═════ Dataset excerpts ═════
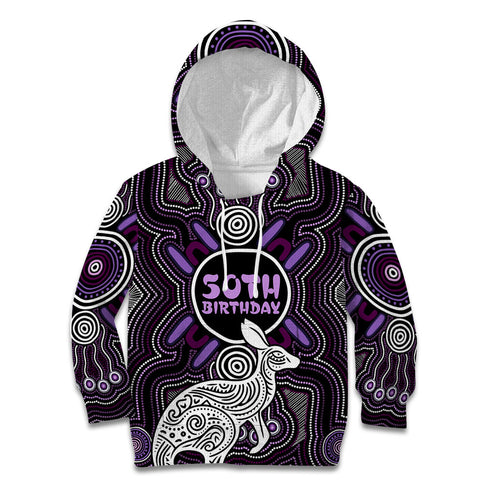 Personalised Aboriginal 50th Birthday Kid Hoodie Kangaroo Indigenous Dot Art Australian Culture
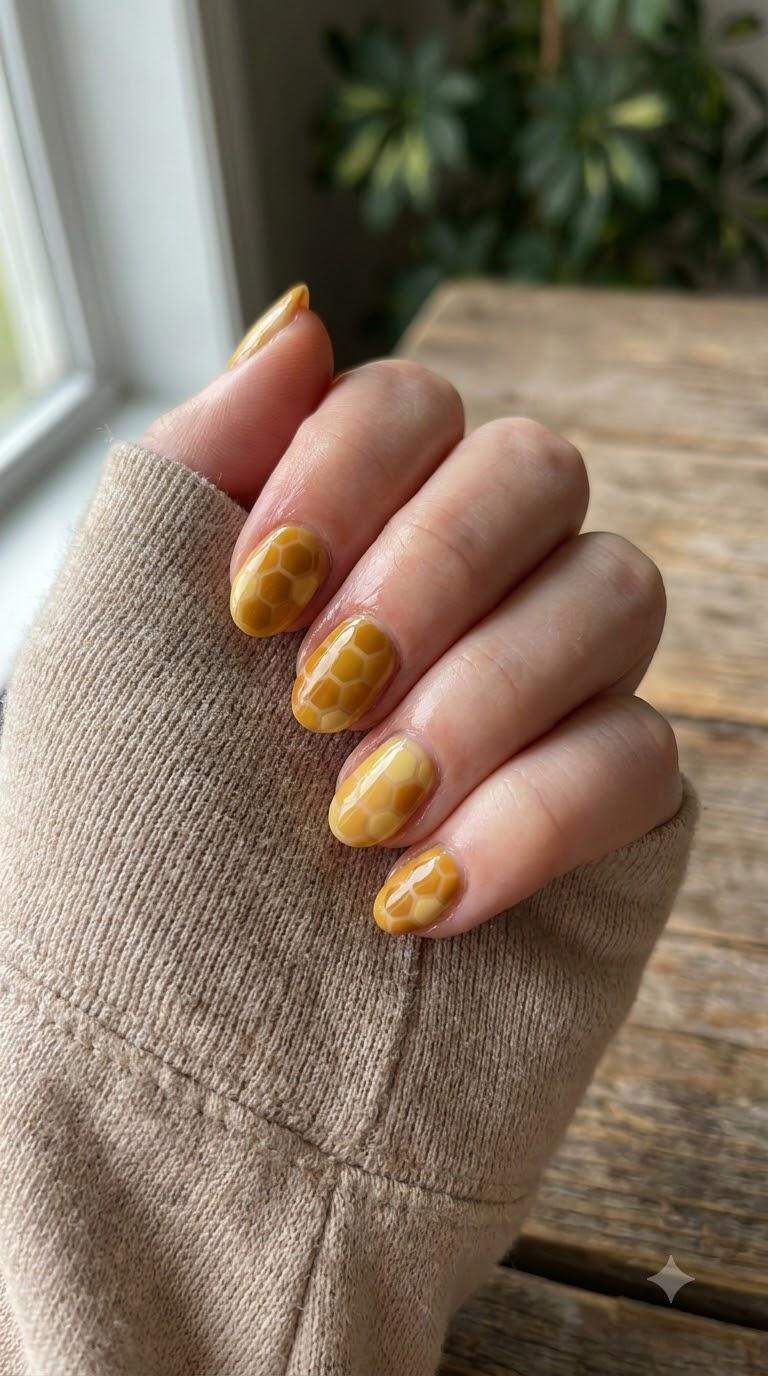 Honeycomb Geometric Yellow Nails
═════
═════ Dataset excerpts ═════
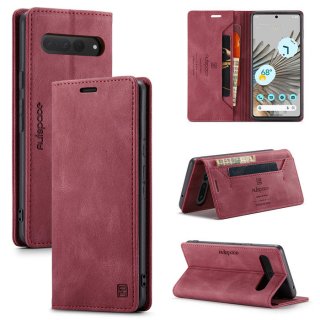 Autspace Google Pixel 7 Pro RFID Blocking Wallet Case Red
═════
To do ▸ Skipping the pictures, print the lines in the listing above exactly as written, starting at the line with "Personalised Aboriginal 50th" and ending at the line with "Honeycomb Geometric Yellow Nails", both included.

Final answer ▸
 Personalised Aboriginal 50th Birthday Kid Hoodie Kangaroo Indigenous Dot Art Australian Culture
 Honeycomb Geometric Yellow Nails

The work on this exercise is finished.